A Marseille, la police expérimente les caméras-piétons

© AFP - BORIS HORVAT

"Juste pour votre information, votre contrôle est filmé". Face à un homme assis sous un abri-bus en haut de la Canebière, le policier reste poli mais ferme : "Vous avez vos papiers ?" Légèrement en retrait, sa collègue filme avec l’une des "caméras-piétons" dont est équipée la brigade VTT du centre de Marseille.

L’homme, la soixantaine, obtempère, sans dire un mot.

Pour l’instant à Marseille, seules la brigade VTT du centre-ville et la Brigade spécialisée de terrain (BST) des quartiers Nord sont munies de caméras-piétons.

"L’expérimentation est née il y a trois ans en France", souligne le préfet de police des Bouches-du-Rhône, Laurent Nunez, selon lequel "cela permet de faire baisser les tensions lors des interventions".

"Dans 90% des cas, cela permet de calmer les conflits pour les 10% restants, nous nous servirons des images comme preuve", renchérit le brigadier-chef Vincent Pace, chef de la brigade VTT du centre-ville.

Autre objectif "moins connu", souligné par le préfet de police, "c’est l’aspect pédagogique dans le cadre de la formation de policiers".

Pour M. Nunez, "les policiers sont très demandeurs de cet équipement". "C’est un outil de travail", explique M. Pace. Sur les trois policiers d’une brigade, un seul en est muni. "L’un contrôle, l’autre protège et un dernier filme un peu en retrait de manière à avoir le maximum d’informations".

"On l’utilise quand il y a un contrôle qui peut être un peu tendu ou nécessite d’avoir des images qui seront mises à disposition des services judiciaires", ajoute M. Pace.

De petite taille et très légères, ces caméras fabriquées à Nîmes (Gard) se portent sur le "gilet tactique" du policier, au niveau du thorax. Pour la mettre en route, ce dernier n’a qu’à pousser un petit bouton rouge latéral et le repousser dans l’autre sens pour l’arrêter. Les caméras enregistrent également le son.

Pas de prise de vue automatique donc. Mais le brigadier chef Pace balaie toute critique sur une éventuelle manipulation d’images. "Quand bien même une séquence d’intervention viendrait à être coupée, cela paraîtrait suspect, on n’y a aucun intérêt", dit-il.

"On ne peut pas trafiquer non plus le logiciel", ajoute-t-il.

- "Parfois ça ne plaît pas"-

"Les enregistrements sont très sécurisés", argumente M. Nunez. "Il y a une traçabilité des documents (heure et lieu de l’enregistrement) qui sont transférés sur un support sécurisé au sein du service dont l’accès est limité à certaines personnes nommément désignées", dit-il.
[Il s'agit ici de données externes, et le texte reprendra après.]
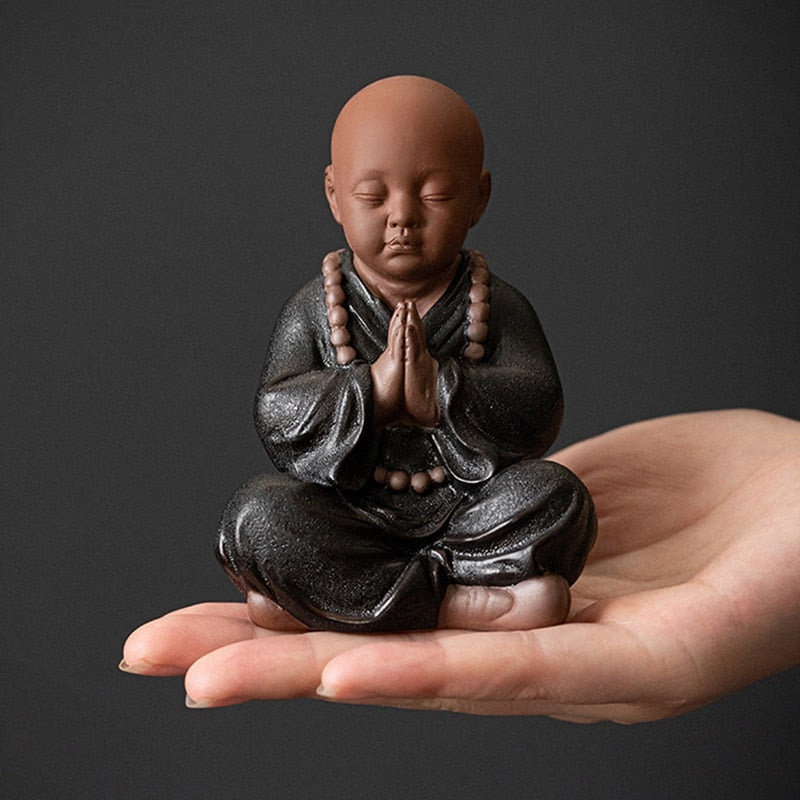 Black Pottery Buddhist Monks Miniature Figurines Buddha Statue Sculpture Fairy Ornaments Meditation Home Garden Docor Decoration acacuss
Par ailleurs, la loi a prévu une destruction des images dans un délai de six mois maximum et leur consultation indirecte par les intéressés par l’intermédiaire de la Commission nationale de l’informatique et des libertés (CNIL).

"Parfois ça ne plait pas", admet le chef de la brigade VTT. Il s’en étonne car "tout le centre-ville est filmé par des caméras". Et d’en vanter les résultats positifs : "Depuis qu’on a les caméras-piétons, nous n’avons plus de souci, concernant des pseudos violences policières...aucun retour, aucune plainte".

Le dispositif est plutôt bien accueilli par le public, malgré des inquiétudes quant au respect de la vie privée.

"Ca va peut-être réduire les abus de pouvoir comme on l’a vu en ce moment dans l’actualité... les policiers feront peut-être plus attention à ce qu’ils disent et ce qu’ils font", indique Fertal Ariles, un étudiant de 21 ans, interrogé à proximité du commissariat de la Canebière.

Pour Mohammed, retraité de 66 ans, "c’est une bonne chose, parce qu’on voit tout de suite la bêtise que la personne est en train de faire (...) Ça aide à éliminer la délinquance".

Mais pour Laurine Payet, 20 ans, étudiante " "rien ne garantit que les images ne seront pas trafiquées, donc je ne suis pas sûre que ça évite énormément de bavures !"

Le système de caméras-piétons est toujours à l’état expérimental, mais après l’interpellation brutale par la police d’un jeune homme, Théo, à Aulnay-sous-Bois, le 2 février, le ministre de l’intérieur Bruno Leroux a annoncé une généralisation du dispositif à toute la France. A Marseille, la police municipale devrait bientôt être également équipée.